In this clip from our Networking Field Day 30 presentation, Nitin Kumar, Selector Co-founder and CTO, dives into how Selector converts metrics and logs to the common currency of events.
Video length: 4:53
Speaker: Nitin Kumar, Co-founder and CTO, Selector
Networking Field Day 30 Selector AI
A Deep Dive into Selector AI
January 20, 2023
Now let’s get to the more interesting part—converting metrics and how you correlate them. The first basic problem is metrics are fundamentally numbers, just numbers—billions and billions of numbers. Logs are English sentences.
If you want to correlate them, together, they’re apples and oranges. You cannot correlate them. Metric correlation itself is a hard problem, granted, but now you’re looking at metrics and logs that are fundamentally different classes of information. Some technology has to be built to unify them. Some common currency has to be built so that you can say: ah, now I can compare these things.
Let’s see how we do the metrics and log stuff. The metrics say … so this is the metrics pipeline. How do we go from numbers into a color? On the left, you have these numbers. This chart I’m showing is a latency chart as a data set. Latency is from point X to point Y. These latencies have different numbers. Then, we have to convert them into good numbers or bad numbers.
For example, here, a number like 174 is still considered green, good. A number like 17, which is smaller, is still red. This is where the ML (machine learning) comes into play. It says that 174 is normal for this connection. However, 17 is not normal for this connection. Fifty-six is getting closer to being abnormal. We generally have three colors: red, yellow, and orange … although orange and red are considered the same category.
How does this baselining thing work? There are two aspects of it as and when the data comes in. You’ll always see in the machine learning space, there is the training pipeline, which is shown at the top, and then there is the inference pipeline shown at the bottom. The data gets fed into the training pipeline as well as the inference path. The inference path is kind of lagging behind the training part. The training part does its training; it builds its model and makes it available to the inference pipeline. You can think of the model as a giant lookup store. You look up into it and you get a value back, although it’s not as simplistic as that.
This model in the middle is continuously being built by the inference store. As data is coming in, this training store is looking at data samples. It is going back in time. It is looking at the current data sample and the threshold value. It does all of that, and it starts writing into the model part. Then the real-time inference part is just comparing the computed threshold with the actual value and coming up with an answer. If it doesn’t show up on this screen … if you see the thing on the right, there is a faded line that is sort of the baseline of the chart. Then there are these spikes in the middle. Those spikes in the middle get flagged as red lines in the thing.
If you look at the behavior of the underlying metric, it’s just a sea of greens, then a red sea of greens, and a red. That’s the picture that I showed initially that you had white things, that are just the numbers. Then, because of this technology that we’ve built, those numbers get converted into red elements and green elements.
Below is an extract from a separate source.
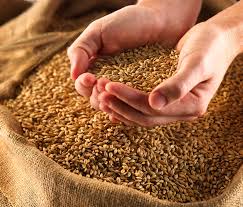 Thumb compulsion now for transparent grain distribution | राज्यात धान्याच्या पारदर्शक वितरणासाठी आता अंगठा सक्तीचा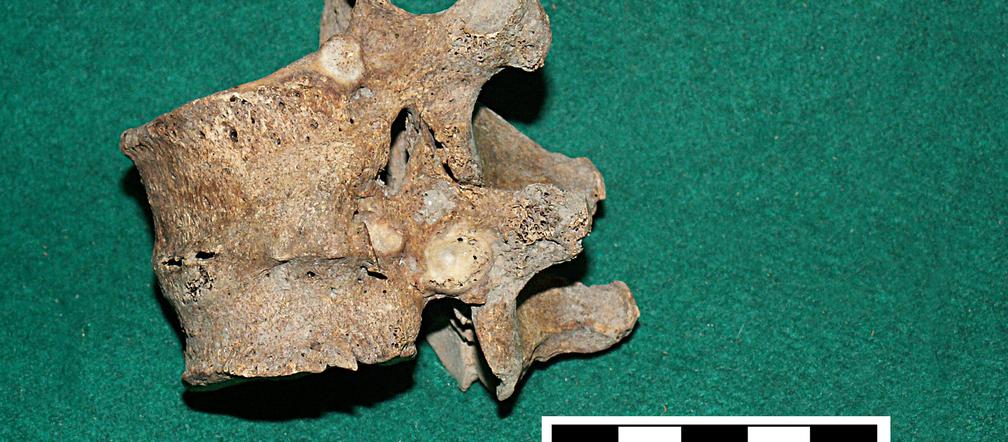 Ich ciała spoczywały pod Placem Litewskim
Another interesting part is the seasonality implementation over here. You know that, yes, it’s going to spike up at a point in time, but that spike is normal. There is a seasonality process running that is looking at the numbers over a larger period of time. It recognizes that in the morning at 8 AM, things are going to spike up, so it then artificially pulls up the threshold, like don’t flag this as a red because I’ve seen this happen.
We kind of look at seasonality … if you look at the human brain, there is a system one behavior, where you look at something and you instantly react. That’s what real-time baselining is. Seasonality is system two behavior that you go back, you think about it, and that influences your behavior. That’s a system two behavior.
Now we have numbers that we converted into events. Now we have a red event and a green event. That’s how we converted numbers into this common currency of events. We have to do the same process for logs.